Skip to content

Getting Started

git clone https://github.com/scub-france/Docling-Studio.git
cd Docling-Studio
docker compose up --build

Open http://localhost:3000.

Local Development

Backend (Python 3.12+)

cd document-parser
python -m venv .venv && source .venv/bin/activate
pip install -r requirements.txt
uvicorn main:app --reload --port 8000

Frontend (Node 20+)

cd frontend
npm install
npm run dev

The frontend runs on http://localhost:3000 and proxies API calls to http://localhost:8000.

Running Tests

cd document-parser
pip install pytest pytest-asyncio httpx
pytest tests/ -v
cd frontend
npm run test:run

Pipeline Options

These options map directly to Docling's PdfPipelineOptions.

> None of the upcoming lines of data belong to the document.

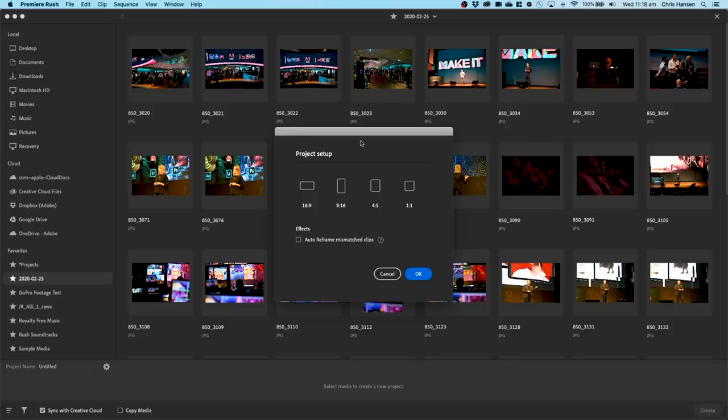So you can see here I've got 16 by 9, 9 by 16, 1 by 1, and of course 4 by 5. Now these are all relevant for aspect ratios for social channels. Things like Instagram, square video, vertical video, and so on.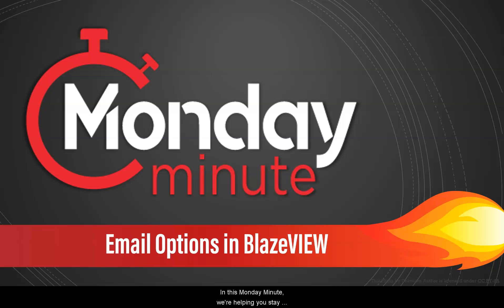Hey there Blazers! In this Monday Minute, we're helping you stay connected in your courses with BlazeVue email options.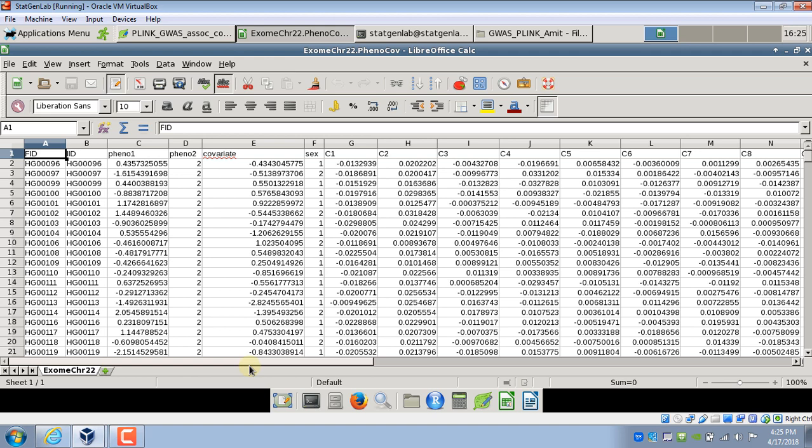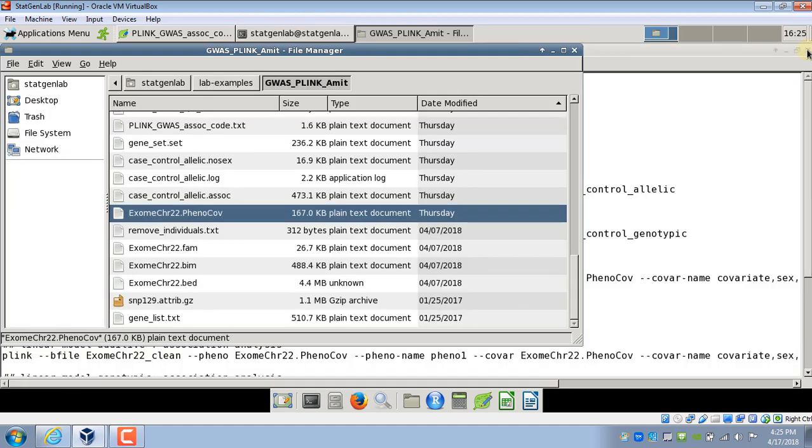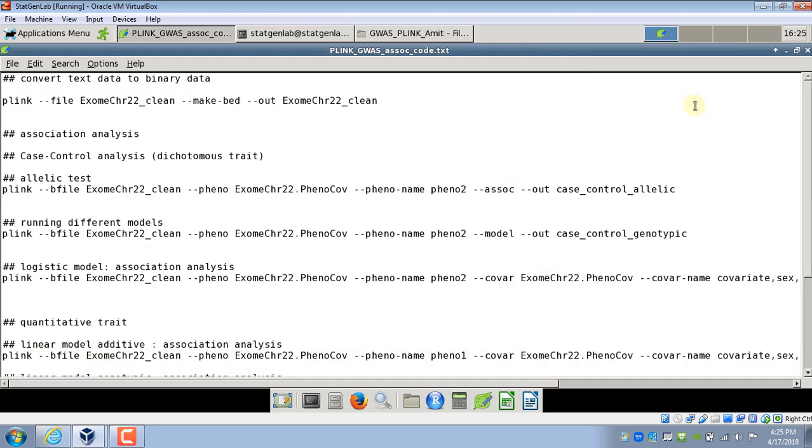In that video I showed how to get these principal components so I'm going to use these principal components as covariates in our model. So this file includes both phenotype and covariate and like I said you can use separate files for them and in today's analysis I'll show you how to call those different files if you have two different files in your analysis.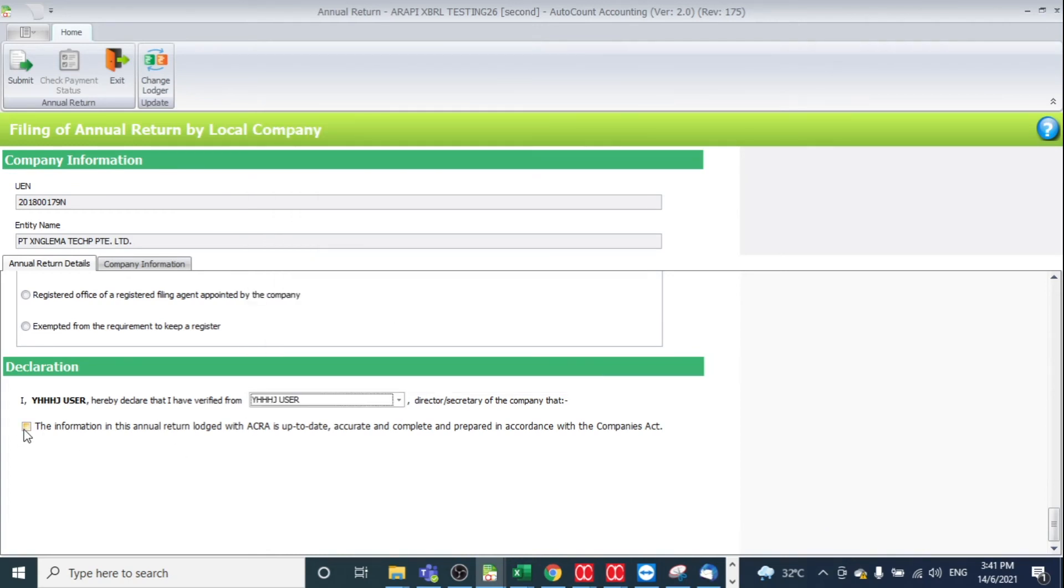The information in this annual return filed with ACRA is up to date. Check it and then click Submit.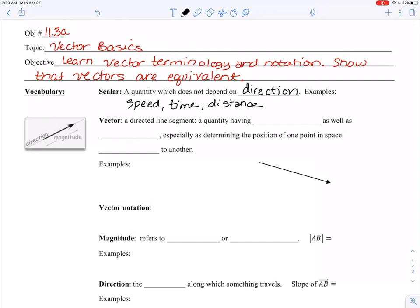A vector is a directed line segment. 'Directed' means it tells you which direction the quantity is going or how it is moving. It's a quantity having magnitude — magnitude is just a fancy word for its size or length — as well as direction. So when I ask for a vector's magnitude, I want to know its size and its direction, like 'north 20 degrees west.'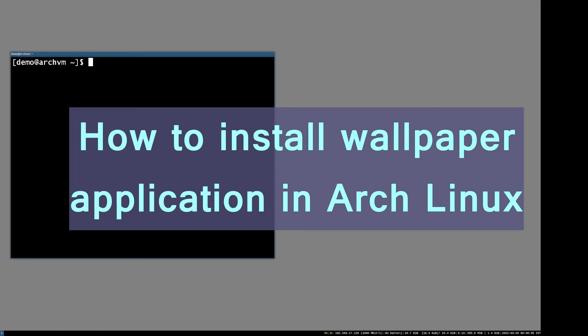Hi, welcome to the Linux Zone. In this video, I will show you how to set up wallpaper application in Arch Linux i3 window manager.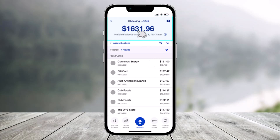Just click on it to complete, and this is how you can check your checking account transactions from the US Bank app. We hope the video was really helpful — if it did help you, make sure to leave a like and subscribe to the channel. If you have any more questions, feel free to leave them down below. Thank you very much for watching and see you in the next video.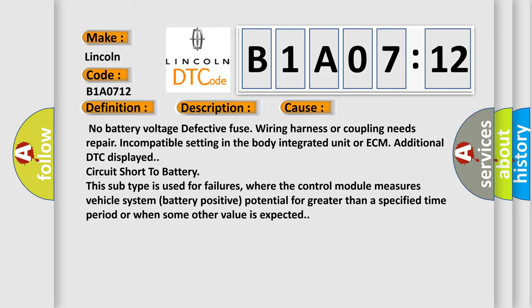No battery voltage, defective fuse, wiring harness or coupling needs repair, incompatible setting in the body integrated unit or ECM, additional DTC displayed, circuit short to battery.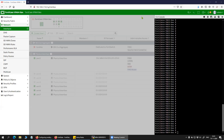Hi friends and welcome to my channel. Today in this video, I'm going to show you how you can configure the syslog server settings on a FortiGate firewall.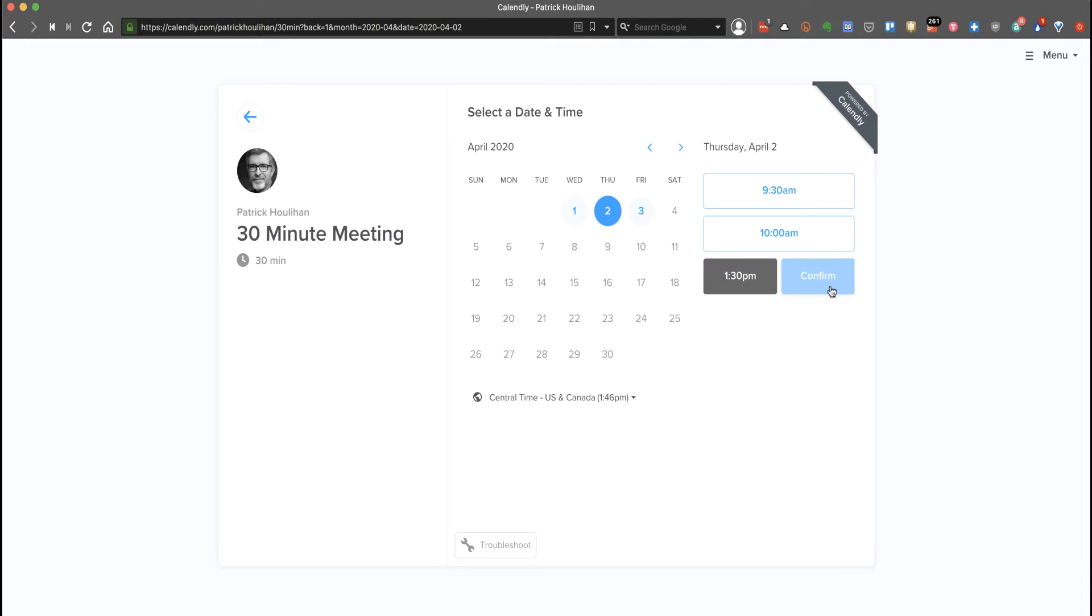The software will not allow you to make an appointment less than an hour before the appointment time, so you can't make it at the last minute. After you select a time, it will disappear so nobody else can select it.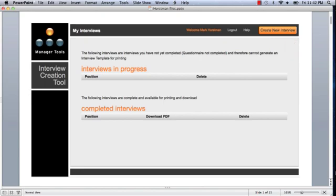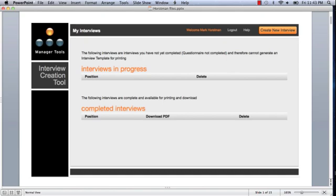And then the other two key parts to this page are the Interviews in Progress and Completed Interviews sections. Interviews in Progress is the place where interviews that you've worked on but not yet finished will get saved. If you save in the middle of work and quit, you'll be able to come back and pick up where you left off on any interview you're creating.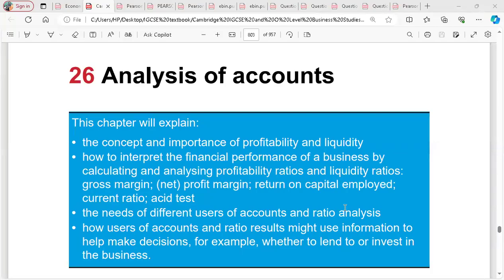Why do we have to analyze accounts? We prepare the statement of financial position, we prepare the income statement — all these things are prepared, they are figures. It is important for us to analyze them because there are different stakeholders who need different information regarding these values. We want to know how profitable our business is through account analysis, and how we are performing relative to competitors.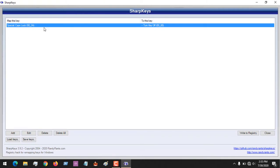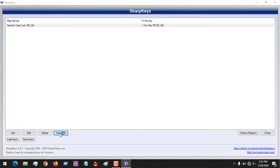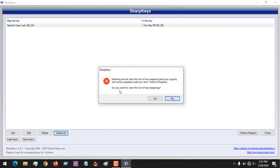I have disabled it. So in order to enable back the Caps Lock key, you just click delete. You see it brings out a warning: delete will clear the list but your registry will not be updated until you click write to registry.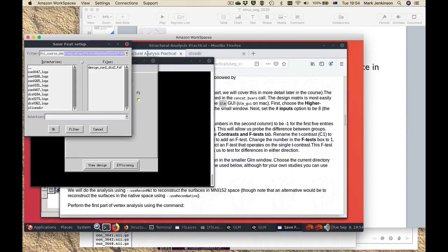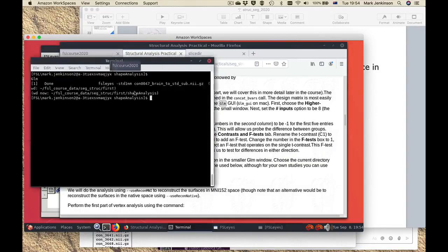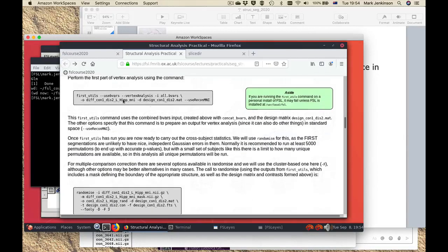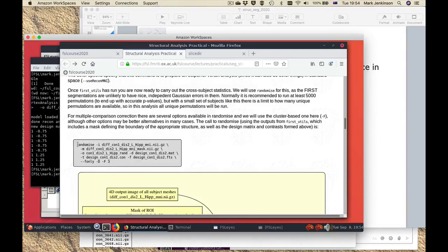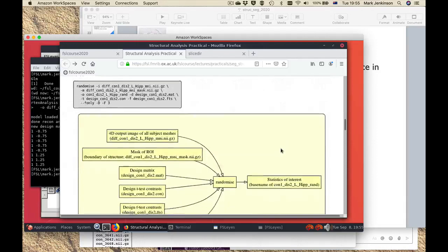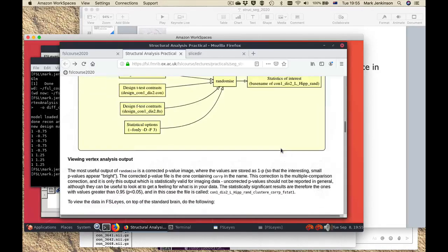Once you've set up that design you can check you get something like this when you do a view design, and then it's a question of saving that result. Make sure you're in the right directory and save it with the name that the practical asks for. I've now saved that design and that's enough to allow us to do the statistics. There's a simple command to run, and then we also have to run the statistics command which uses a tool called randomize — used for non-parametric statistics within FSL. It's used across all different types of analysis: structural, diffusion, and functional. It's a very general tool and these are things we will cover in great detail in other parts of the course.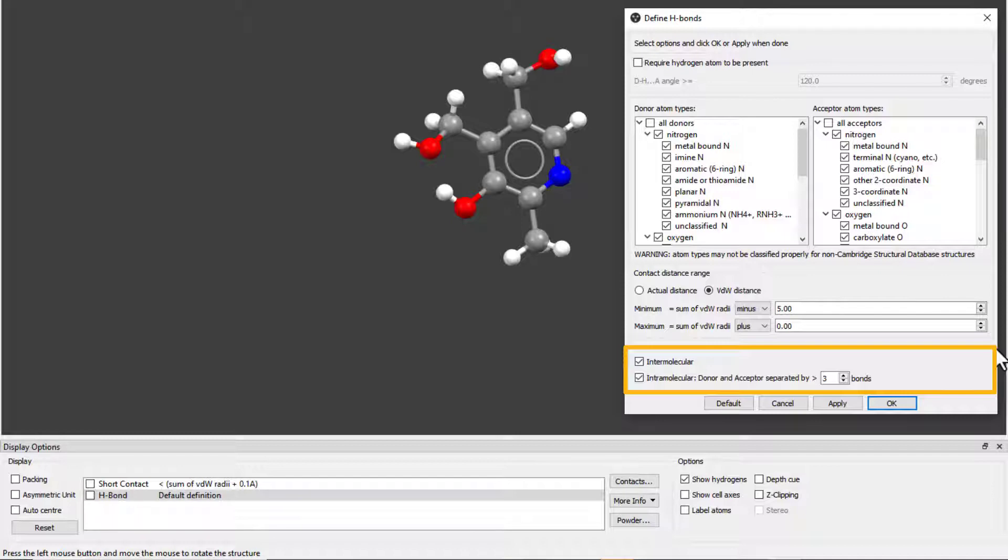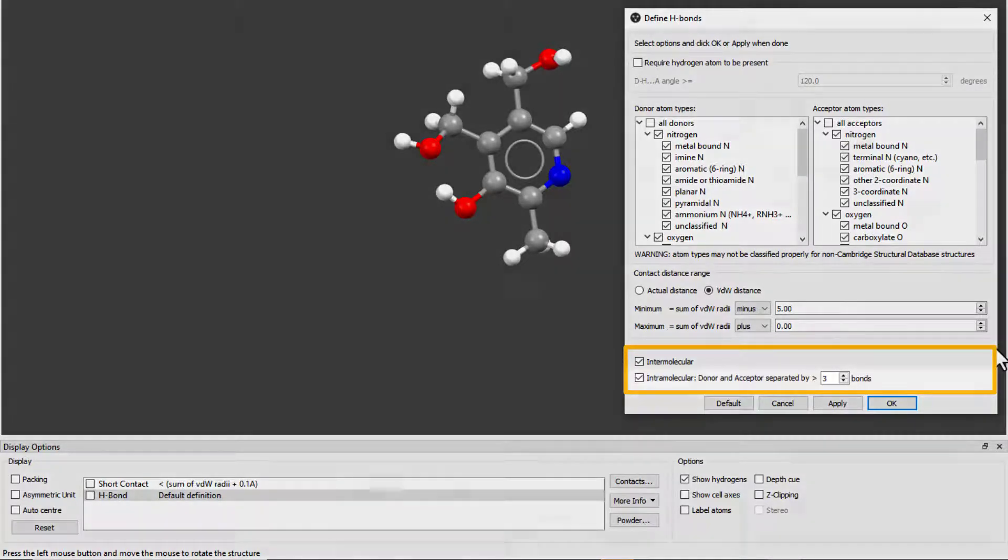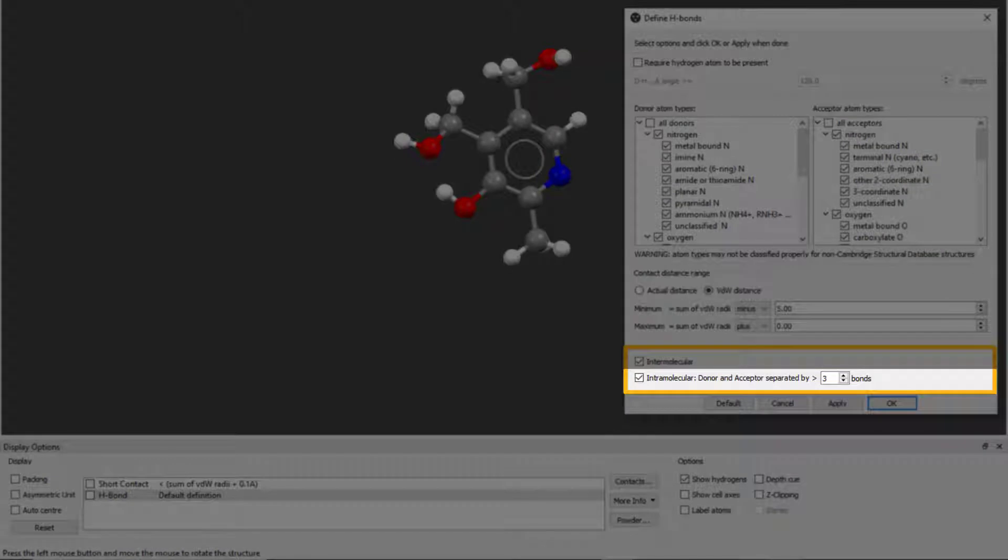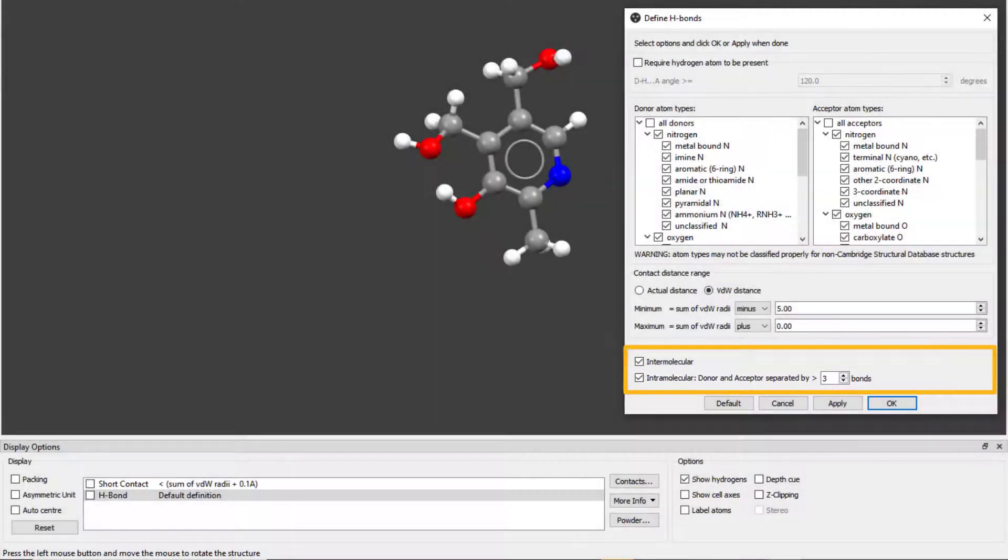For intramolecular contacts, we see in this case that we want donor and acceptor atoms separated by at least three covalent bonds within the molecule.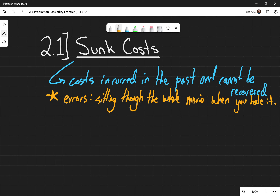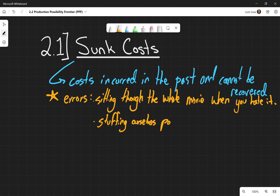Another common error is overeating at a buffet. If you've gone to a Chinese restaurant and eaten so much that you don't feel great, that's because we try to maximize the amount of food per penny. But that's a sunk cost — stuffing ourselves past the point of comfort to quote-unquote 'get your money's worth' out of an all-you-can-eat buffet.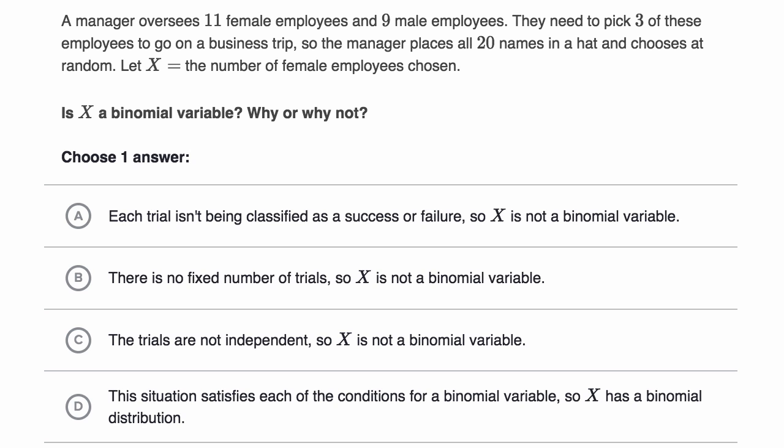What we're going to do in this video is get some practice classifying whether a random variable is a binomial variable. We're going to do it by looking at a few exercises from Khan Academy.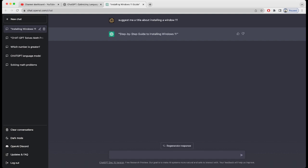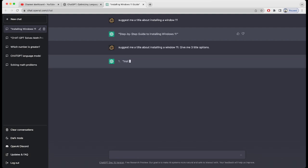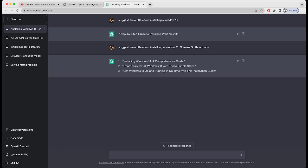So let me write this again: 'Suggest me a title about installing Windows 11, give me three title options.' Wow — it just gave me three titles: 'Installing Windows 11: A Comprehensive Guide,' 'Effortlessly Install Windows 11 With These Simple Steps,' and 'Get Windows 11 Up and Running in No Time With This Installation Guide.'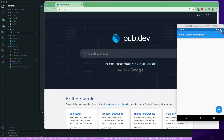Hello and welcome back. Today we are going to learn about Riverpod as well as Go Router, so let us get started.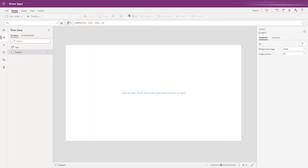Hi everyone and welcome to PowerApps Roadmap. Today we are going to be looking at using Microsoft PowerApps to build a board game. PowerApps has lots of business functions but sometimes it's fun to explore how else you can use these tools. This is part one of two and today we're going to be building a game board and a functioning dice system for Snakes and Ladders.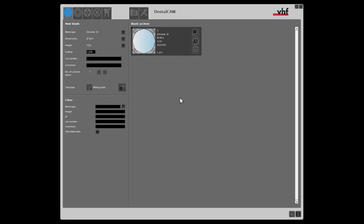In this video we will show you how to import STL files into a job. Let's load the already created disk from the blank archive.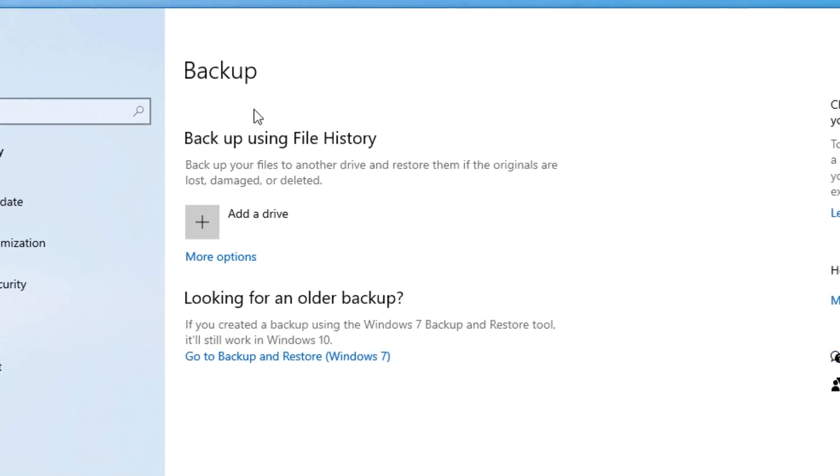There is one Windows feature that we're going to focus on today that you are probably going to hate yourself for not knowing about and using up until now. And this is actually not a feature I've really talked about before, so it's probably going to be new to most of you.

Option Default Description
do_ocr true OCR for scanned pages and embedded images
do_table_structure true Table detection and row/column reconstruction
table_mode accurate accurate (TableFormer) or fast
do_code_enrichment false Specialized OCR for code blocks
do_formula_enrichment false Math formula recognition (LaTeX output)
do_picture_classification false Classify images by type
do_picture_description false Generate image descriptions via VLM
generate_picture_images false Extract detected images as separate files
generate_page_images false Rasterize each page as an image
images_scale 1.0 Scale factor for generated images (0.1–10)

Configuration

All configuration is done via environment variables:

Variable Default Description
CORS_ORIGINS http://localhost:3000,... CORS allowed origins
UPLOAD_DIR ./uploads File storage directory
DB_PATH ./data/docling_studio.db SQLite database path
CONVERSION_TIMEOUT 600 Max seconds per Docling conversion

System Requirements

Resource Minimum Recommended
Memory 6 GB 8 GB+
CPUs 4 8+

All Docker images are multi-arch (linux/amd64 + linux/arm64). No GPU required.